▸ **Directions for this task**: Nothing but the lines from the one containing "100 Moonshineholler Drive, Maggie" to the end of the material should be returned, each exactly as written.

[Opening Raw data section]

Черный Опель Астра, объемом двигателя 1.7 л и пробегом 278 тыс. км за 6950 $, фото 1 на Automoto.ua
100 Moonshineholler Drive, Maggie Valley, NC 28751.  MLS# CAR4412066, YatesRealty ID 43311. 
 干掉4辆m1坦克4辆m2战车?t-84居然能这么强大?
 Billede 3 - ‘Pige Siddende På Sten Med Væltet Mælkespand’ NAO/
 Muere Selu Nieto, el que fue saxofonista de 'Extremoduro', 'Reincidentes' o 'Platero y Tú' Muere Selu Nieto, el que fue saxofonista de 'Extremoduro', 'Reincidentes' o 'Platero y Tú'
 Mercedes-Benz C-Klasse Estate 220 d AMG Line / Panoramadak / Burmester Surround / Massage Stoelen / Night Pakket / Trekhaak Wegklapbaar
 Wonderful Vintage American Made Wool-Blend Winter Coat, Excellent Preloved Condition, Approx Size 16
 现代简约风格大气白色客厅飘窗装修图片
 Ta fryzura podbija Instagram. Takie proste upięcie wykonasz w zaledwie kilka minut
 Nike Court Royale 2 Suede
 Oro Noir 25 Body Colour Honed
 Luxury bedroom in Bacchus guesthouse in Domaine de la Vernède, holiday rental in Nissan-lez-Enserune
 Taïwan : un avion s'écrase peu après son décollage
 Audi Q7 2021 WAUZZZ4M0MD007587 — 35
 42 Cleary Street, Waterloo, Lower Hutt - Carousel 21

[Closing Raw data section]

▸ **Task output**:
100 Moonshineholler Drive, Maggie Valley, NC 28751.  MLS# CAR4412066, YatesRealty ID 43311. 
 干掉4辆m1坦克4辆m2战车?t-84居然能这么强大?
 Billede 3 - ‘Pige Siddende På Sten Med Væltet Mælkespand’ NAO/
 Muere Selu Nieto, el que fue saxofonista de 'Extremoduro', 'Reincidentes' o 'Platero y Tú' Muere Selu Nieto, el que fue saxofonista de 'Extremoduro', 'Reincidentes' o 'Platero y Tú'
 Mercedes-Benz C-Klasse Estate 220 d AMG Line / Panoramadak / Burmester Surround / Massage Stoelen / Night Pakket / Trekhaak Wegklapbaar
 Wonderful Vintage American Made Wool-Blend Winter Coat, Excellent Preloved Condition, Approx Size 16
 现代简约风格大气白色客厅飘窗装修图片
 Ta fryzura podbija Instagram. Takie proste upięcie wykonasz w zaledwie kilka minut
 Nike Court Royale 2 Suede
 Oro Noir 25 Body Colour Honed
 Luxury bedroom in Bacchus guesthouse in Domaine de la Vernède, holiday rental in Nissan-lez-Enserune
 Taïwan : un avion s'écrase peu après son décollage
 Audi Q7 2021 WAUZZZ4M0MD007587 — 35
 42 Cleary Street, Waterloo, Lower Hutt - Carousel 21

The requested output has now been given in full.